Around her, men are welding and hammering as new semi-permanent structures go up. You don’t get a sense this place will empty out soon. People line up for food three times a day. There’s a long line of portable toilets. And in the middle of it all, a single ice cream truck is dispensing chocolate and strawberry cones. How odd it looks.

And here’s the definition of being caught in limbo. The migrants can only apply for asylum over Skype, and of course, there are no computers here and no real Internet connection.

“It’s a big joke,” says a young Syrian, who wants to go Canada. “A big joke on us.”

I can’t imagine what it was like living through the rain and cold of February and March, but Dr. Garley can, because he was here. He tells me about walking past a tent that was blown over and flattened, and he thought surely, nobody could be living inside. Until he heard a man cough.
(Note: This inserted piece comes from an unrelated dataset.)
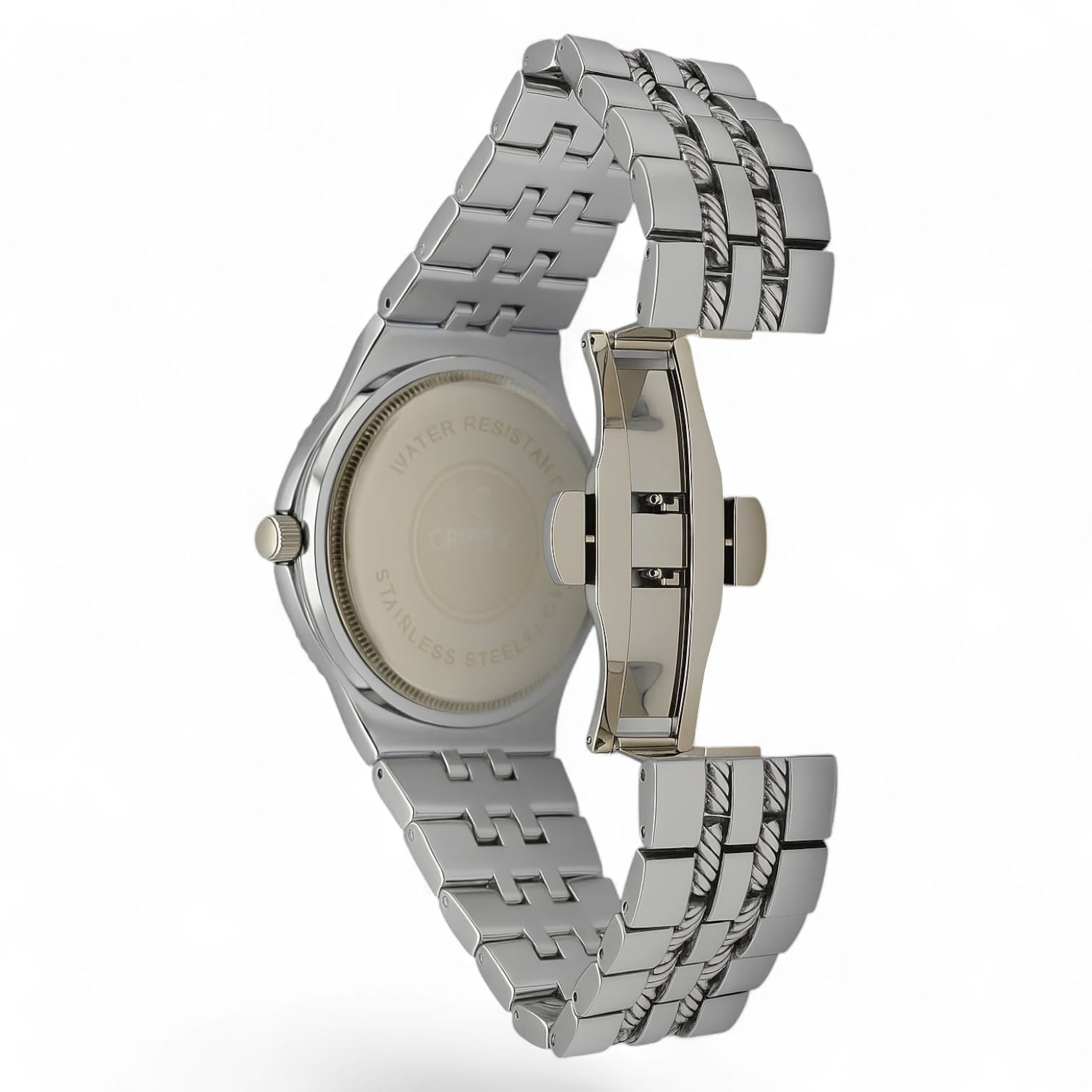 Crysma CRL2534 Notion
“If people really thought the border was closed,” he says, “They wouldn’t be here. They would have gone somewhere else.”

I wanted to come to Idomeni to see if everything I had read about the place was true. The answer is yes. Sadly, yes, because this is Europe, the land of open borders and liberal sanctuary. Only now it’s struggling with those values under a flood of outsiders who simply want a share in Europe’s prosperity, and believe it’s their human right.

Dr. Garley has an opinion and happily shares it.

“Part of the reason why a lot of people from the Middle East, mainly from Syria, are coming to Europe is because they perceive it as a place of peace an acceptance.”

“What is keeping them here in squalor,” he says, spreading his arms outward toward the camp, “is Europe’s inability to deliver that.”